Exercise data START
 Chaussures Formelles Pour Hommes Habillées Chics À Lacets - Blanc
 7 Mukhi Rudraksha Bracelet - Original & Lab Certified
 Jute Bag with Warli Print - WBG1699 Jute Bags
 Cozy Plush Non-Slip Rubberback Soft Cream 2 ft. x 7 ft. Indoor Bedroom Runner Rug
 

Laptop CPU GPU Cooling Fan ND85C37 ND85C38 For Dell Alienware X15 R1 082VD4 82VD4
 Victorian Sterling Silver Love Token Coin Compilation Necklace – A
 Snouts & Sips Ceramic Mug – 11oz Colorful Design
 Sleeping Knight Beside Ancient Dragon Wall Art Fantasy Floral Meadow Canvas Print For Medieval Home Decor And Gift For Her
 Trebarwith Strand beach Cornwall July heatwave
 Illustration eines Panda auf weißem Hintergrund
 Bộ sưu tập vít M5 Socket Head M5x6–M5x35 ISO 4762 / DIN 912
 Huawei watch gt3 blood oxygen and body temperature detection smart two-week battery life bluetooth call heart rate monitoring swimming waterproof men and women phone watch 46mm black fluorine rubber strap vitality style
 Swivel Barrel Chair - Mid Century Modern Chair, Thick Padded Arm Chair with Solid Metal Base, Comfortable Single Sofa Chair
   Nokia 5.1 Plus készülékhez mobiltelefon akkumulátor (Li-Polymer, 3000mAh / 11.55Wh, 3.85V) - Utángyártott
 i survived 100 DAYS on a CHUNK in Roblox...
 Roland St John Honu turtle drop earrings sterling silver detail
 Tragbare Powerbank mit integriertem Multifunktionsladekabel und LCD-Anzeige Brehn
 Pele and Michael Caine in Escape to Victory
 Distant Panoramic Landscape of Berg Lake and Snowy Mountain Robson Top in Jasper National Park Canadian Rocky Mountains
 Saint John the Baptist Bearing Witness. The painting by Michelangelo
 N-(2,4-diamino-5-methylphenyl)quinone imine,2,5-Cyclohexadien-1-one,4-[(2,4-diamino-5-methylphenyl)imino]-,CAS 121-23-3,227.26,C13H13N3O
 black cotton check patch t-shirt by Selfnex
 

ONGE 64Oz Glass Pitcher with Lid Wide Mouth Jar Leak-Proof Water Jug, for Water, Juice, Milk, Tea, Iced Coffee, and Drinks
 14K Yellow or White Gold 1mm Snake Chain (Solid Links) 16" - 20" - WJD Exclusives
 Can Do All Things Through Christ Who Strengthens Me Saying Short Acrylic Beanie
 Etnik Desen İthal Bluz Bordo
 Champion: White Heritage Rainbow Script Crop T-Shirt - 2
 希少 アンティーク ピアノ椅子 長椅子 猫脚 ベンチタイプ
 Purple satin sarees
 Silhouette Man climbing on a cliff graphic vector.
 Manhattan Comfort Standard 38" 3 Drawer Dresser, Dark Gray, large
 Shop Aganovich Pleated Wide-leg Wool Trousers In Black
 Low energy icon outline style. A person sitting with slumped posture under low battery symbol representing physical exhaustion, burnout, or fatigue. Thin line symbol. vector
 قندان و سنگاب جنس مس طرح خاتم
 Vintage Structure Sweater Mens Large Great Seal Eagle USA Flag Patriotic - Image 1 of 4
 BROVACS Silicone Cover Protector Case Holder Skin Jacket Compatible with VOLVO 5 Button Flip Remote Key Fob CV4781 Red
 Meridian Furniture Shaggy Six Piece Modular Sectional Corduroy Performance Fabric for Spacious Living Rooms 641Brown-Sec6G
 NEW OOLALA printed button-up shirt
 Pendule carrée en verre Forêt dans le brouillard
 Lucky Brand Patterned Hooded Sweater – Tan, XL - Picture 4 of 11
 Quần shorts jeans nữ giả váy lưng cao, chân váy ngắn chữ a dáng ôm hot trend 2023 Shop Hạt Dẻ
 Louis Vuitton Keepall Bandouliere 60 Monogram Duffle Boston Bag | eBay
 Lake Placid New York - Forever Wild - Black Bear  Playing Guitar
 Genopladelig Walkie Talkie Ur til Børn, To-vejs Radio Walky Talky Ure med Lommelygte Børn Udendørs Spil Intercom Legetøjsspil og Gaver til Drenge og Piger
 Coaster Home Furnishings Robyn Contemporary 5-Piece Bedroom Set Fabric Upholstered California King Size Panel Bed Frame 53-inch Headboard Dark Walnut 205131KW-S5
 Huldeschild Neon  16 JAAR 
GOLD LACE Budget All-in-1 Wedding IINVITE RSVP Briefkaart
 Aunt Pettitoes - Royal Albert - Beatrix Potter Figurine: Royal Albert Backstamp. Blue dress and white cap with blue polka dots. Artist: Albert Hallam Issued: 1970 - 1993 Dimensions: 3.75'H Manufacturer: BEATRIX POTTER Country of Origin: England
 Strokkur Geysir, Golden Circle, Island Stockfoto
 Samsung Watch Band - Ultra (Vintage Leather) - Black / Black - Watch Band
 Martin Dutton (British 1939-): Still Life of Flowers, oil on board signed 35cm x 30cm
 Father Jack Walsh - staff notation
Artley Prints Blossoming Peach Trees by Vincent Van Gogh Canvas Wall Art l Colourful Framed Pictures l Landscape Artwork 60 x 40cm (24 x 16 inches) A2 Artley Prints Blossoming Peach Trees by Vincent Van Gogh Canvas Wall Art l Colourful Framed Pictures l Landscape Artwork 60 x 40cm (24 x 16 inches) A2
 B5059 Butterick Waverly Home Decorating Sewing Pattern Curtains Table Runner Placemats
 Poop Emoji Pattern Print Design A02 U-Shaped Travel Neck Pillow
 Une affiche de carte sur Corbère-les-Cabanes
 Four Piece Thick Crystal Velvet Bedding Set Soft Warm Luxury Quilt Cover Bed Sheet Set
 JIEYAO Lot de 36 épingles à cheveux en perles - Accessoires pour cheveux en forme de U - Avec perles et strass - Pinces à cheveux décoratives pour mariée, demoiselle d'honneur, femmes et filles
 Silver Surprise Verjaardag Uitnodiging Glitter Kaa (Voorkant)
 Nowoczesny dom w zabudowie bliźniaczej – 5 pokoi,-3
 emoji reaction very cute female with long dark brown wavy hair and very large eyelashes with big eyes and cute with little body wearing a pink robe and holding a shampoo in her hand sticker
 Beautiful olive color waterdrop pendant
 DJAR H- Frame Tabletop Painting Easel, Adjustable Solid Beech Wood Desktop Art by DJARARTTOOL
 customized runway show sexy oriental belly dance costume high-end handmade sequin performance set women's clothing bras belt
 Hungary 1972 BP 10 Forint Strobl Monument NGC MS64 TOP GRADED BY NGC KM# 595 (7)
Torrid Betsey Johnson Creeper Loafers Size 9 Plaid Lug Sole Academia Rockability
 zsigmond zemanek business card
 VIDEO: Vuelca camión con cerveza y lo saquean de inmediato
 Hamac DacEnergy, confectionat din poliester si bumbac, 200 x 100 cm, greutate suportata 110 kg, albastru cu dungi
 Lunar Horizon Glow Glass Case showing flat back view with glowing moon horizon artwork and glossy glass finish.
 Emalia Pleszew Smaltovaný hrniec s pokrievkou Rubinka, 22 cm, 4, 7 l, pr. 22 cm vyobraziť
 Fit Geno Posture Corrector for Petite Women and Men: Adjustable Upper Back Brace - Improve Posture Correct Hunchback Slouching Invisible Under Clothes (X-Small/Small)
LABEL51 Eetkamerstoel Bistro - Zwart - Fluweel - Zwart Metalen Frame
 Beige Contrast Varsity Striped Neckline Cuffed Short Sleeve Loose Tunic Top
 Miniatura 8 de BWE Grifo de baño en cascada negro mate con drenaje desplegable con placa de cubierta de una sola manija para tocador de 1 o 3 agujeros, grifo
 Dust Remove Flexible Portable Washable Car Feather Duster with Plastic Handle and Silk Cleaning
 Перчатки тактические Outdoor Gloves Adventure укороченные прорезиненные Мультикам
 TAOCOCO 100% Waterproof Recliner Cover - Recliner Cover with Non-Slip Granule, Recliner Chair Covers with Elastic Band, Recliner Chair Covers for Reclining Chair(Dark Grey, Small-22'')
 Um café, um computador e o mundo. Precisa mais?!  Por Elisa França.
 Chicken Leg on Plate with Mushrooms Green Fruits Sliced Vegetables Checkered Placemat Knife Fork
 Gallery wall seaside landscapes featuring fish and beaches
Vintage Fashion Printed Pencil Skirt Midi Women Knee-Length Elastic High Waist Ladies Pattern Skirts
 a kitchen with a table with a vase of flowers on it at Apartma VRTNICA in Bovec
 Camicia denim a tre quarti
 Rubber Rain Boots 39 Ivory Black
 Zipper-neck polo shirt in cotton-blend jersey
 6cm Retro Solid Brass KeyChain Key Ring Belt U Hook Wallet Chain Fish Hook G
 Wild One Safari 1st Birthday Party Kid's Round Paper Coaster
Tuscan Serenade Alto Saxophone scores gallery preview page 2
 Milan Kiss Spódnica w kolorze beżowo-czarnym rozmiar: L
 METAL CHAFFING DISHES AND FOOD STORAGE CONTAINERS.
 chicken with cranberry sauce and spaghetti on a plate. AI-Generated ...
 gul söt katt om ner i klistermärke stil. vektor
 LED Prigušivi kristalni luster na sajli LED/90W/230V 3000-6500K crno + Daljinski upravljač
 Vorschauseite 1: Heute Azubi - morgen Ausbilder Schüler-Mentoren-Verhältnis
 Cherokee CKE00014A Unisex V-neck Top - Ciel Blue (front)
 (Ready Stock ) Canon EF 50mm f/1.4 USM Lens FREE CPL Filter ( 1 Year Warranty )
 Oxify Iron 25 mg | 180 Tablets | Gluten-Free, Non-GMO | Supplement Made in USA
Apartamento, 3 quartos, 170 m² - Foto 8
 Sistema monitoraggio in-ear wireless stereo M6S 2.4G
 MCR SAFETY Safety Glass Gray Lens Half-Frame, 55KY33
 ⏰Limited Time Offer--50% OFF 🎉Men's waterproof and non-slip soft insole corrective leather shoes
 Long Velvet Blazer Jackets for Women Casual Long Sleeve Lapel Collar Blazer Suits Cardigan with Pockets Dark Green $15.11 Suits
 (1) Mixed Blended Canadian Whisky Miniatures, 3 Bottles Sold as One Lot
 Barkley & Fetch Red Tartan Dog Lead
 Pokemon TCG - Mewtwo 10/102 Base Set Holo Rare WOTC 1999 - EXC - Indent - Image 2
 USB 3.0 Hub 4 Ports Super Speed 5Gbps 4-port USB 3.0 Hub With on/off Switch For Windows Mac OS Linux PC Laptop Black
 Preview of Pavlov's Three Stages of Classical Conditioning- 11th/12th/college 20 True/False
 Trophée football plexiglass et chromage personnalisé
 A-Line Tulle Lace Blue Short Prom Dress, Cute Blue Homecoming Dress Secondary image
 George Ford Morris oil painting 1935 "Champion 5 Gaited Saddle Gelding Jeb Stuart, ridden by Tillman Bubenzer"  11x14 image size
Exercise data END
## [Task item]
Return each line exactly, beginning at the start of the material above and ending at the line that includes "Huawei watch gt3", with both of those kept.

## [Final answer]
 Chaussures Formelles Pour Hommes Habillées Chics À Lacets - Blanc
 7 Mukhi Rudraksha Bracelet - Original & Lab Certified
 Jute Bag with Warli Print - WBG1699 Jute Bags
 Cozy Plush Non-Slip Rubberback Soft Cream 2 ft. x 7 ft. Indoor Bedroom Runner Rug
 

Laptop CPU GPU Cooling Fan ND85C37 ND85C38 For Dell Alienware X15 R1 082VD4 82VD4
 Victorian Sterling Silver Love Token Coin Compilation Necklace – A
 Snouts & Sips Ceramic Mug – 11oz Colorful Design
 Sleeping Knight Beside Ancient Dragon Wall Art Fantasy Floral Meadow Canvas Print For Medieval Home Decor And Gift For Her
 Trebarwith Strand beach Cornwall July heatwave
 Illustration eines Panda auf weißem Hintergrund
 Bộ sưu tập vít M5 Socket Head M5x6–M5x35 ISO 4762 / DIN 912
 Huawei watch gt3 blood oxygen and body temperature detection smart two-week battery life bluetooth call heart rate monitoring swimming waterproof men and women phone watch 46mm black fluorine rubber strap vitality style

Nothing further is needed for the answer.